- [DATA RECORDS]:
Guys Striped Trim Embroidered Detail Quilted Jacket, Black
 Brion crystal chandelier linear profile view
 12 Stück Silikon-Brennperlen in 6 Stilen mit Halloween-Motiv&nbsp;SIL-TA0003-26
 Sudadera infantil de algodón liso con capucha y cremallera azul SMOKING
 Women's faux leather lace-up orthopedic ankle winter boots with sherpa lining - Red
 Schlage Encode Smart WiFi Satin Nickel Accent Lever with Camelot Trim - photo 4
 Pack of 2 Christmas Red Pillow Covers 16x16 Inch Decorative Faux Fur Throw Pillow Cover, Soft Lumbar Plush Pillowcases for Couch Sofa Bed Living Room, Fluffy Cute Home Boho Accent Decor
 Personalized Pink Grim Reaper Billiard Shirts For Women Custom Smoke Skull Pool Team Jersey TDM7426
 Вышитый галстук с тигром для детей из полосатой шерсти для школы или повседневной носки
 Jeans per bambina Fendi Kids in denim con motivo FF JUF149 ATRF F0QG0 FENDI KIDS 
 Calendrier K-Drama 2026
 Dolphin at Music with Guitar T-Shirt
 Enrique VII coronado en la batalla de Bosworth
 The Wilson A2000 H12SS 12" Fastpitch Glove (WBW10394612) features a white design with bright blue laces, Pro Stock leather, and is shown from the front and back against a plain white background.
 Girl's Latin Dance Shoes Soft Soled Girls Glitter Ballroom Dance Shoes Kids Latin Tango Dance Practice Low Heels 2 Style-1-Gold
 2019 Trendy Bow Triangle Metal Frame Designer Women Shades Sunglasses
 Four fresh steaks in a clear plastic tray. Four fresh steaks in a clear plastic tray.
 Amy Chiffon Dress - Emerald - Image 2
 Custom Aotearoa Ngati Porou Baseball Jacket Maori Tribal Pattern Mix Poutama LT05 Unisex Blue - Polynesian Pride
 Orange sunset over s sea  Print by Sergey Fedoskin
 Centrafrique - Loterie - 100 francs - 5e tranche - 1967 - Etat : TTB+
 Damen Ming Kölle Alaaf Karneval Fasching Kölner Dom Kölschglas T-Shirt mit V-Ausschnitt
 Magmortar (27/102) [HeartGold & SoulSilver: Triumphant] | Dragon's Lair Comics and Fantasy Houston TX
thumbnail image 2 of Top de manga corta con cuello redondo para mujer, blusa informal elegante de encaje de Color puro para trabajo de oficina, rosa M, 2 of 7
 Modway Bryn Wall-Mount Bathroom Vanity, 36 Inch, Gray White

- [ASSIGNMENT]:
Going from the line that contains "2019 Trendy Bow" to the last line of the records, reproduce every line as written.

- [EXERCISE SOLUTION]:
 2019 Trendy Bow Triangle Metal Frame Designer Women Shades Sunglasses
 Four fresh steaks in a clear plastic tray. Four fresh steaks in a clear plastic tray.
 Amy Chiffon Dress - Emerald - Image 2
 Custom Aotearoa Ngati Porou Baseball Jacket Maori Tribal Pattern Mix Poutama LT05 Unisex Blue - Polynesian Pride
 Orange sunset over s sea  Print by Sergey Fedoskin
 Centrafrique - Loterie - 100 francs - 5e tranche - 1967 - Etat : TTB+
 Damen Ming Kölle Alaaf Karneval Fasching Kölner Dom Kölschglas T-Shirt mit V-Ausschnitt
 Magmortar (27/102) [HeartGold & SoulSilver: Triumphant] | Dragon's Lair Comics and Fantasy Houston TX
thumbnail image 2 of Top de manga corta con cuello redondo para mujer, blusa informal elegante de encaje de Color puro para trabajo de oficina, rosa M, 2 of 7
 Modway Bryn Wall-Mount Bathroom Vanity, 36 Inch, Gray White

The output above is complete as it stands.